Q-jd: And what's the correct answer?

A: The correct answer is I went to New York City with Mr. Burkle on a political trip. And I just wish I would have said that at the end of the sentence. But I didnt' do it, and if anything was wrong it was just the fact that I didn't continue. But once again, it's something that you look back on now, and it is what it is.

Q-jd: Are you worried about your credibility?

A: I'm not. I know that I make decisions that are in the best interest of the residents of the city of Pittsburgh. I would argue that this has, other than the meeting of the Hill District, has no real effect on how city business operates, and nor did the Heinz Field incident. These are incidents that involve me and not city business. And I believe and I know, in fact, that when we make decisions in city hall, they're in the best interest of the residents. And they will have the opportunity to decide that and talk about the issues in the upcoming election.

Q-jd: Were there any violations of the city ethics code?

A: I don't believe so.

Q-bm: The city ethics handbook, which I printed out here, allows complementary travel for official purposes, but doesn't appear to allow gifts and favors of that sort for non-official purposes.

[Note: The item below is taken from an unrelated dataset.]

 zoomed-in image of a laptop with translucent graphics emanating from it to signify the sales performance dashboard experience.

A: This was a political trip, and will be documented on the campaign finance report. Understand, if you look and pull any candidate's finance reports, it's very common for them to use individual's planes, for example, to go to other cities to raise money. And that's simply what I did in this case. And so it's not uncommon at all for a candidate to do that. I was acting in the capacity of a candidate for the office of mayor of city of pittsburgh.

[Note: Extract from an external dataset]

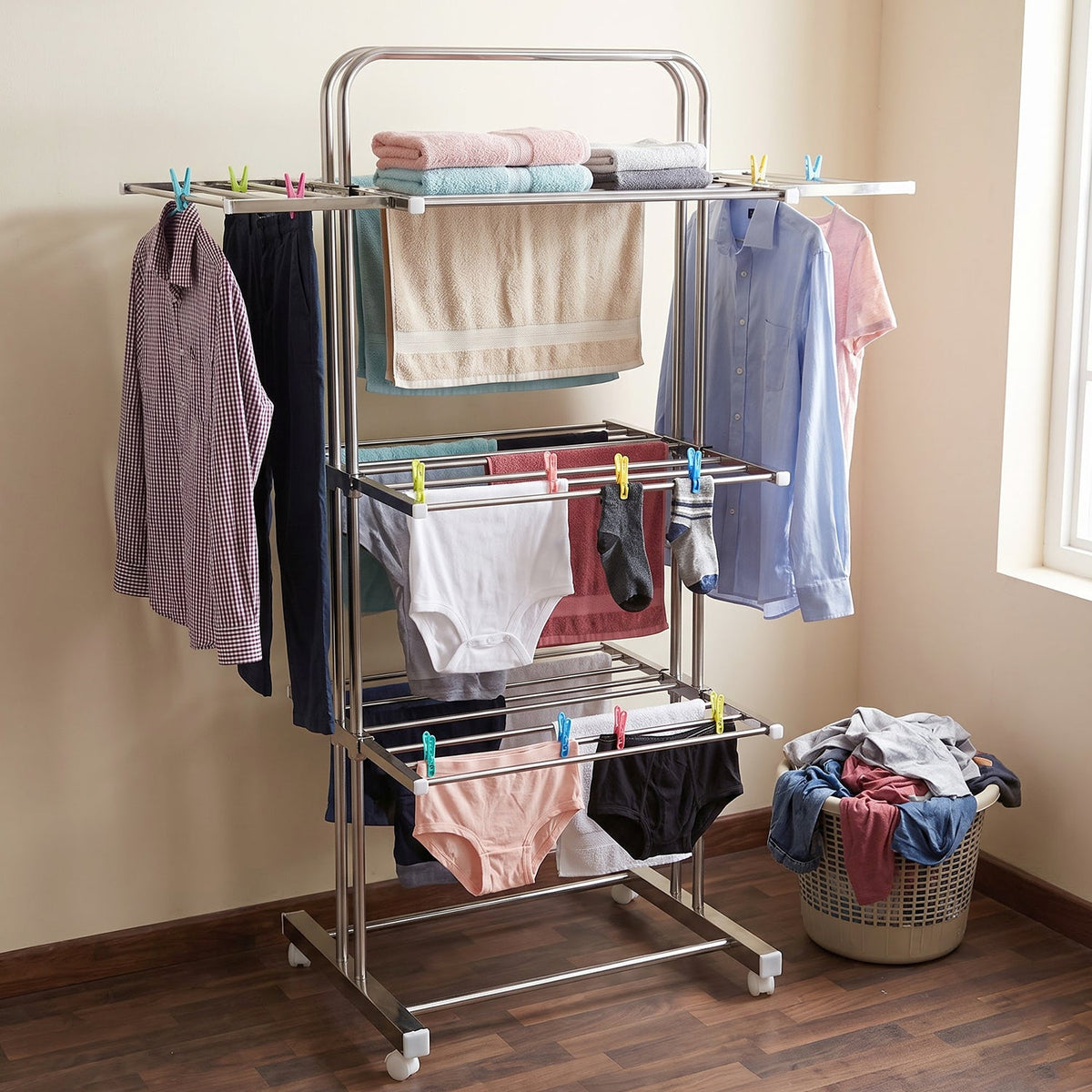 A stainless steel 3-layer clothes drying rack with various clothing items, including shirts, towels, and underwear,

Q-re: Will you reimburse Mr. Burkle, then?

A: Whatever's appropriate, whether it's to document it as an in-kind contribution or to reimburse Mr. Burkle. That's a question that my campaign will have answered and do whatever is appropriate.

Q-re: And the return trip back that Kevin Kinross paid for, you'll pay--

A: I already did.

Q-jd: Luke, can you explain how this whole thing came about? Was it spur of the moment?

A: Somewhat. We'd had a discussion Tuesday, and he offered to get to know me better, and thought it was an opportunity for me to go to New York and have a discussion and talk about the future of the city, my political future, and some presidential politics. And so it was an opportunity when you look at Mr. Burkle, and how influential he is on a national level in the Democratic Party, it was an opportunity that I'm very grateful for.

Q-jd: Did this occur before the press conference or during the hockey game? When did it come about?

A: Well, the offer was first given to me at some point Tuesday afternoon, at which time, so--

Q-jd: ---before the press conference?

A: Correct. It was before the press conference. But I---

Q-jd: --was it after you had concluded your deal with the Penguins?

A: Absolutely. Our deal with the Penguins was concluded Thursday evening in Philadelphia. So the deal had been done for four or five days at that point. I didn't even accept the offer, to be quite honest with you, until sometime during the game. It's something that was offered earlier, and then made the decision later on to accept it.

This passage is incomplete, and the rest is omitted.